Article taken from Fruit Grower Magazine
Botanicoir is investing €1.2m in the first completely automated coir-drying facility, to ensure that the issues caused by a two-year monsoon in Sri Lanka can never happen again. The Sri Lankan monsoon season is normally from September to November, but during 2015/16, unprecedented rainfall affected the whole coir industry. Coir pith is normally dried by sunlight, and continuous rain meant that it could not dry - causing knock-on effects for UK growers. Ordinarily, growbags are delivered as dehydrated compressed slabs. But the only way Botanicoir could fulfil the orders was to ship them partially hydrated and, as demand was up by 30%, this was no mean feat. ""For the 2015/16 season, as we were unable to dry the coir, the volume we needed to ship was bigger, says Kalum Balasuriya, managing director at Botanicoir. ""Instead of one container of growbags, we had to send 3.5 containers of partially-hydrated bags from Sri Lanka, meaning a cost increase of 350%. We didn't pass this cost onto customers but we're aware that it's unsustainable to risk such a situation happening again, so this is why we're investing in a new drying facility.""

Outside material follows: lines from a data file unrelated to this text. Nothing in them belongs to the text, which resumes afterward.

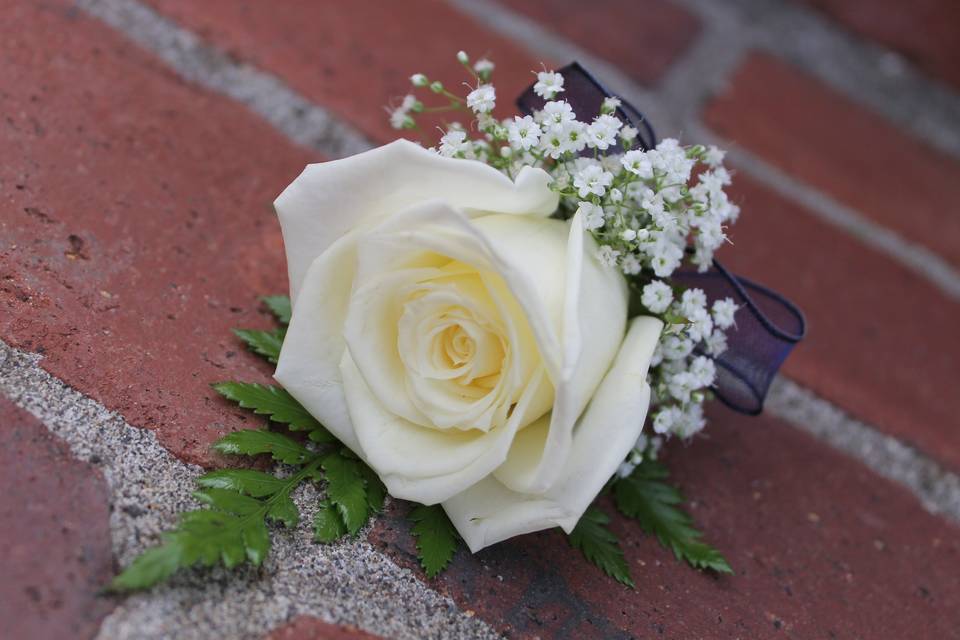 Rose boutonniere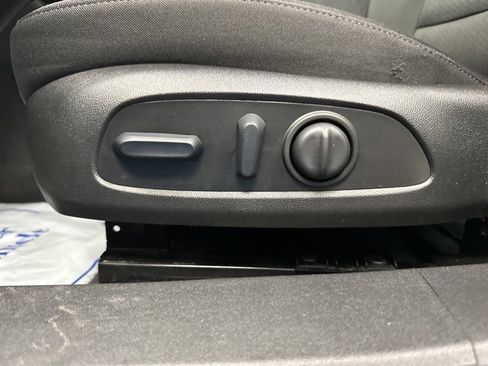 Certified 2025 Chevrolet Malibu LT image 24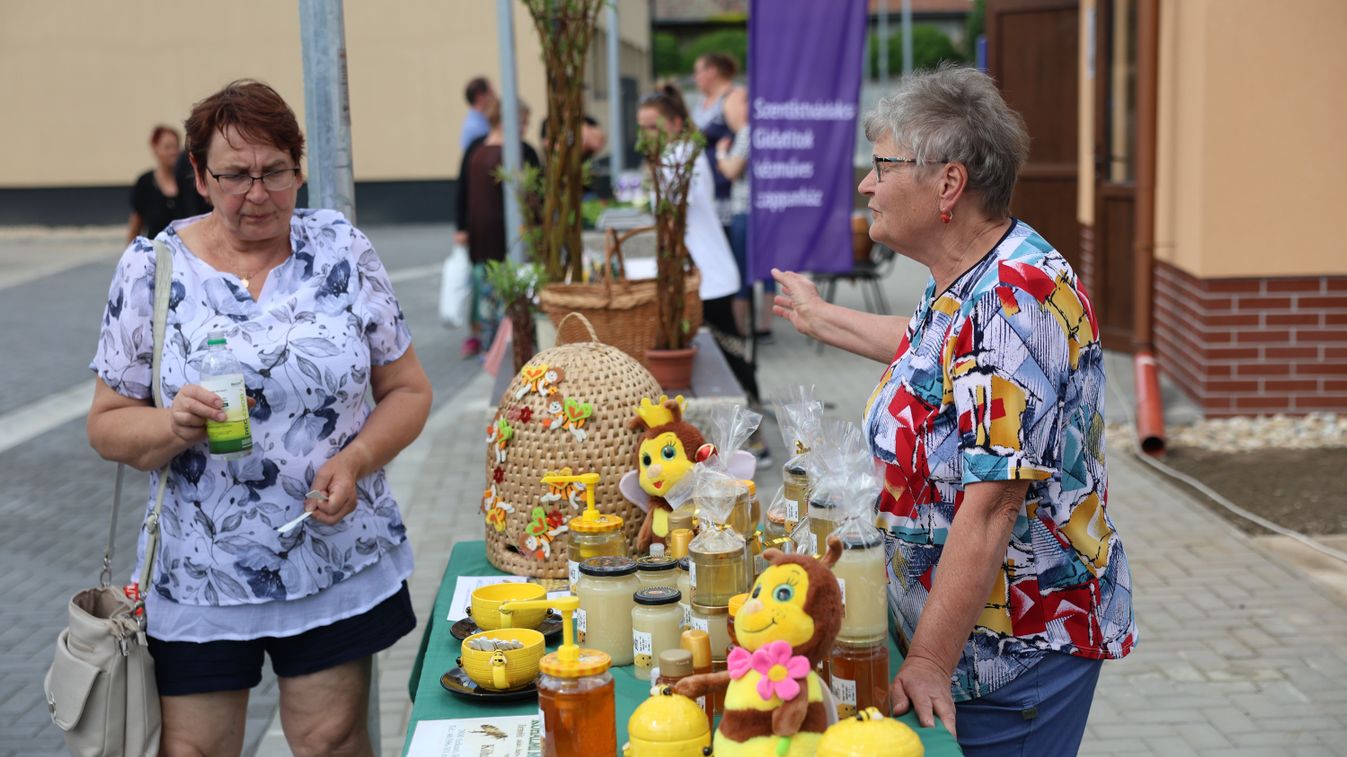 Átadták a város új piacát Szikszón (fotókkal, videóval)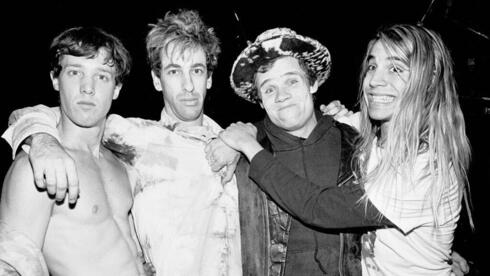 רד הוט צ'ילי פפרז עם הילל סלובק (שני משמאל)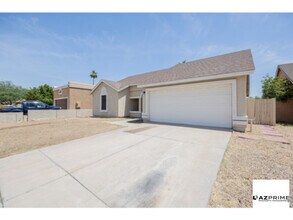 Building Photo - 6871 N 78th Ave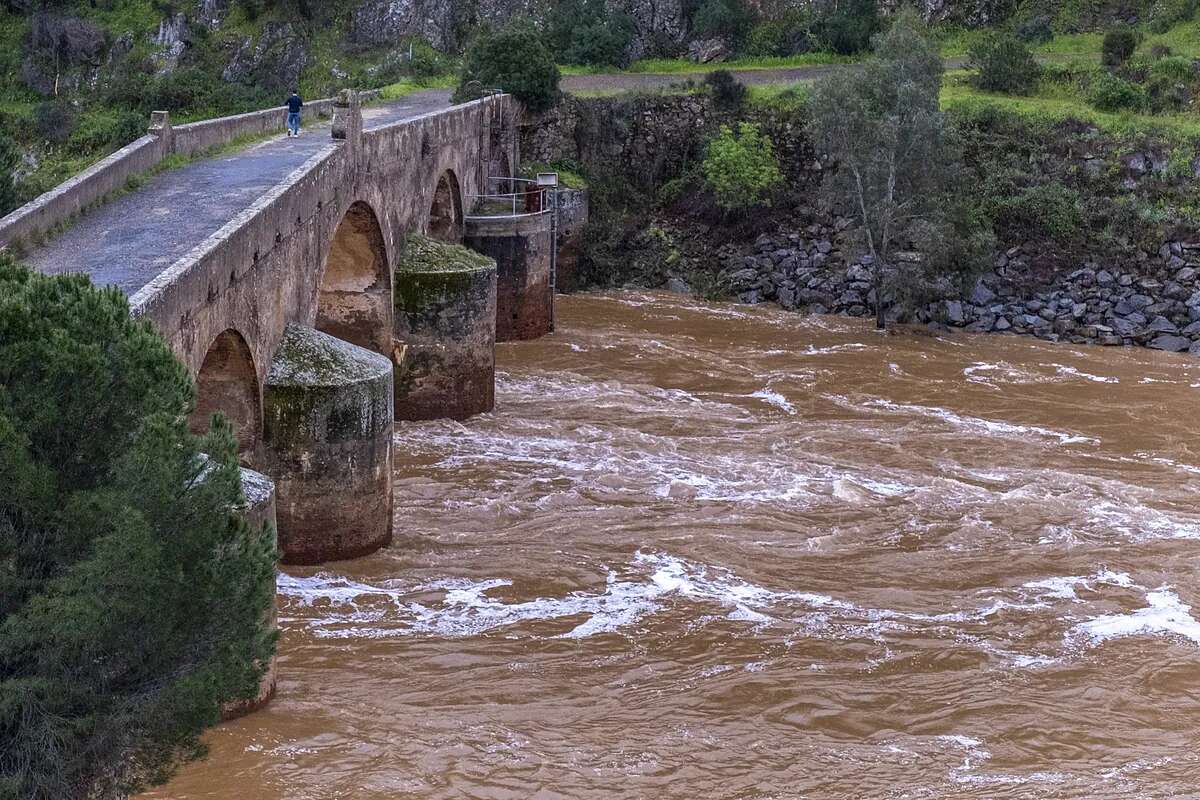 Desbordamientos, rescates y carreteras cortadas en Andalucía con el paso de la borrasca Laurence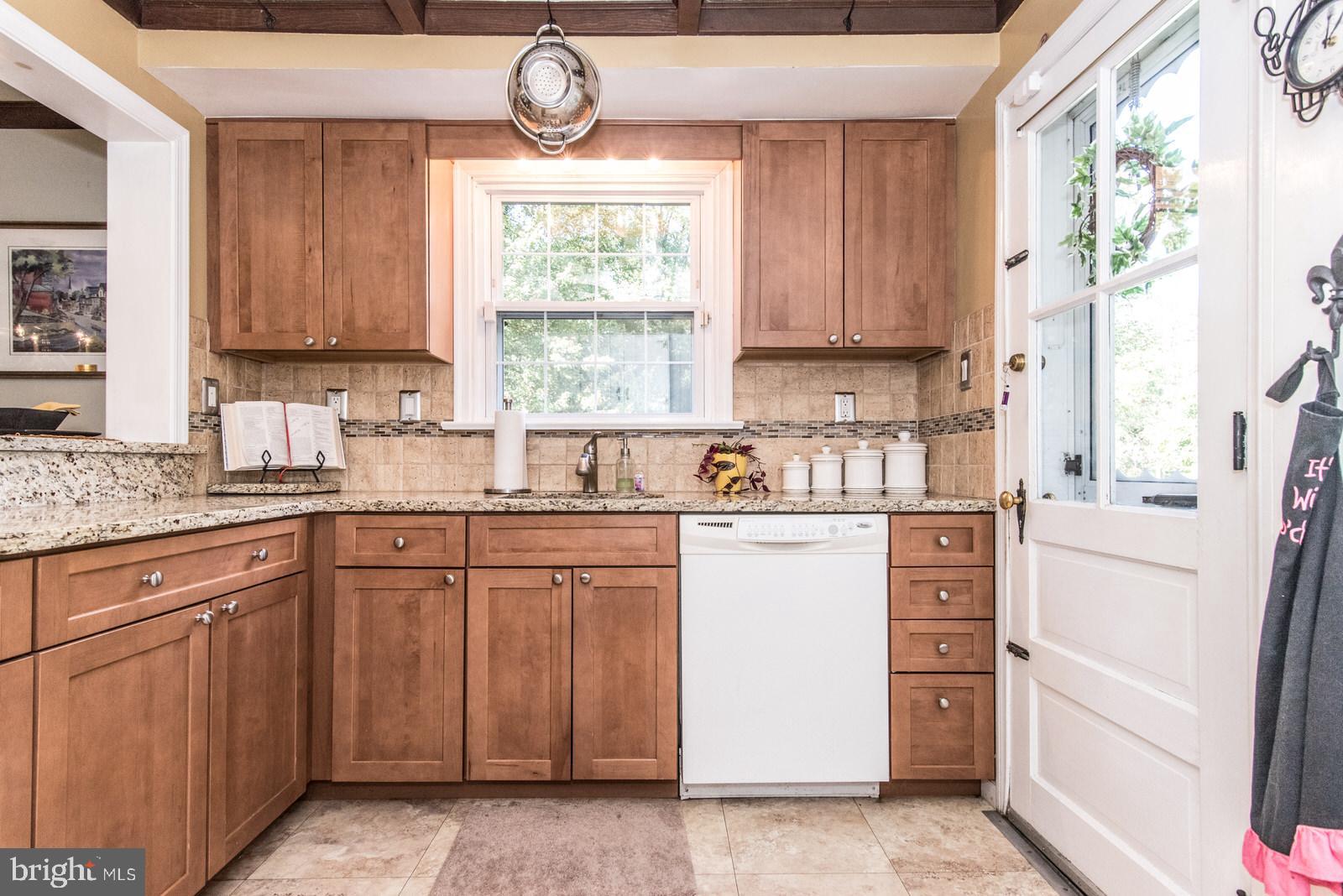 112 Fairhill Road Huntingdon Valley, PA 19006 - Photo 24 of 86 Gallery Image 24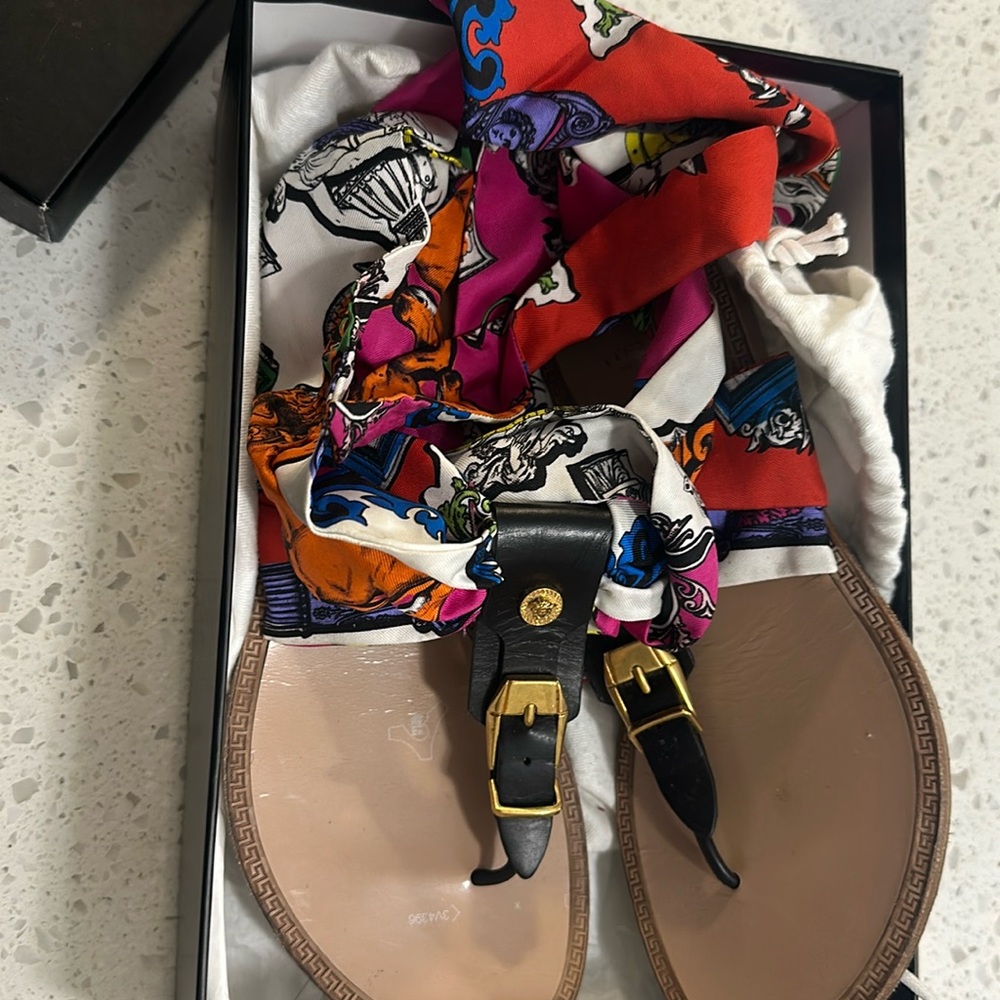 Pegasus Print Sash Sandals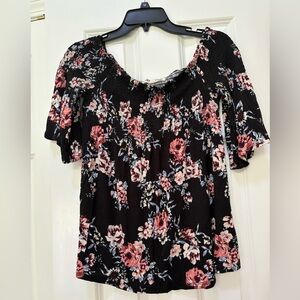 Jolt Off-Shoulder Blouse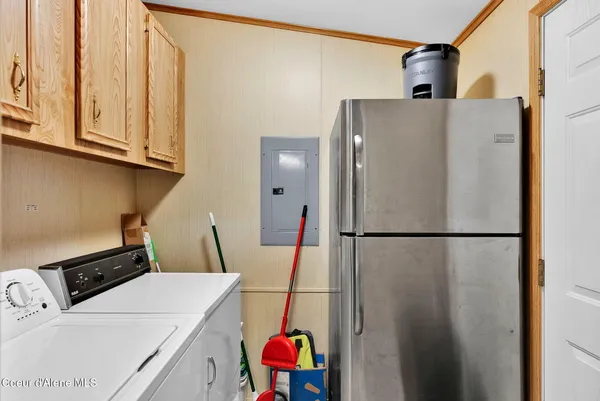 $450,000 | 181 Circle Drive, Hope, ID 83836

After 12 months of research and development, working with a German company already building woodchip drying equipment, in a 'first' for coir production, a state-of-the-art drying facility was designed which will dry the coir as it runs along a conveyer. The heat from a biomass boiler will be controlled by a number of sensors and six different types of heat will be applied at various stages depending on the moisture levels. Just driving off the moisture after the buffering process in a normal dryer would destroy the unique structure of the high quality coir that Botanicoir supplies. The drying process has to mimic the natural drying process, so this was the challenge for the German engineers.
In August the new 30m long drying facility will be installed, powered by a boiler fuelled with wood chips produced from biomass crops on neighbouring land. The future implications are vast, because 80% of the daily required volume will be dried and ready for production as soon as it comes off the conveyer. ""The other 20% will come from existing natural drying yards. This means that in a good year, we'll have the ability to produce 80% more product than before, and, with the rise in demand we're seeing, we need this development," says Kalum. Mark Davis of Agrovista, that hosted Botanicoir on their stand, reported that the substrate crop monitoring service that Agrovista offers continues to be popular and was ""one area in which we noticed much more interest this year, with many leads to follow up"". The in-crop stations can monitor soil moisture, soil temperature and bulk/pore water EC in substrate or soil-grown crops for more efficient scheduling of irrigation and fertigation. Additionally, they can also monitor air temperature, relative humidity, wind speed and direction, solar radiation and other parameters, including output from water meters. Alarms can be sent to a grower at any threshold. In addition, wireless valve controllers can be added to perform timed or automatic irrigation.